Does anyone dispute the standard as being the Recension? If yes, who? Then that is where there is a dispute and point of discussion right from the start.

If the standard, however, is acknowledged but not followed, then it is a question of education, obedience and authority. If the 1965 liturgicon and directives concerning it somehow are incapable of being followed, how does the RDL solve the problem?

If "no one in authority seemed to care," does authority now care about the RDL? If not, then what is the purpose of the 12 year labor to produce it? If yes, then why not just have had the same authority acting similarly in behalf of the accepted standard of the Recension and its faithful translation in the 1965 liturgicon?

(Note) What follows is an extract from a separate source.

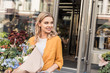 © LIGHTFIELD STUDIOS - portrait of attractive smiling girl going out from flower shop with wrapped bouquet and looking away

The situation is like a book that is assigned to be read by a teacher. It happens that while some read the entire book, others do not, and read only excerpts. So the teacher gives directions on what portions of the book are required. But some students still do not follow the directions.

The teacher settles on a solution. He takes only the required excerpts and forms a new book. While he is at it, he also changes the text to adjust for irregularities caused by the abridgment and he also decides to alter the text to make the book more understandable from his point of view. He then requires that all must read the new abridged book and only the new book. He is satisfied with his solution since now the same standard of the altered-abridged book is required of all students.

Those who wanted to read the complete story can no longer do so, they can only read the altered abridgment. The integrity of the original story, in the new abridgment, is inherently lost. And nothing intrinsically has really been done that the students who did not follow directions before should now change their ways.



The reality is that the old standards were not followed, and now the RDL has been mandated. Rumors to the contrary, I see no indication on the part of the bishops that they intend to rescind the RDL. This is where we are at the moment. Where to from here?
Originally Posted by byzanTN
Rumors to the contrary, I see no indication on the part of the bishops that they intend to rescind the RDL. This is where we are at the moment. Where to from here?
The "intend to rescind the RDL" is not the point of my comments per se. My unanswered question is what was accomplished by the RDL? That could go to answering "Where to from here?"

Originally Posted by byzanTN
The reality is that the old standards were not followed, and now the RDL has been mandated.
Again, why not just have replaced "RDL has", with "old standards have", i.e.:

The reality is that the old standards were not followed, and now the old standards have been mandated.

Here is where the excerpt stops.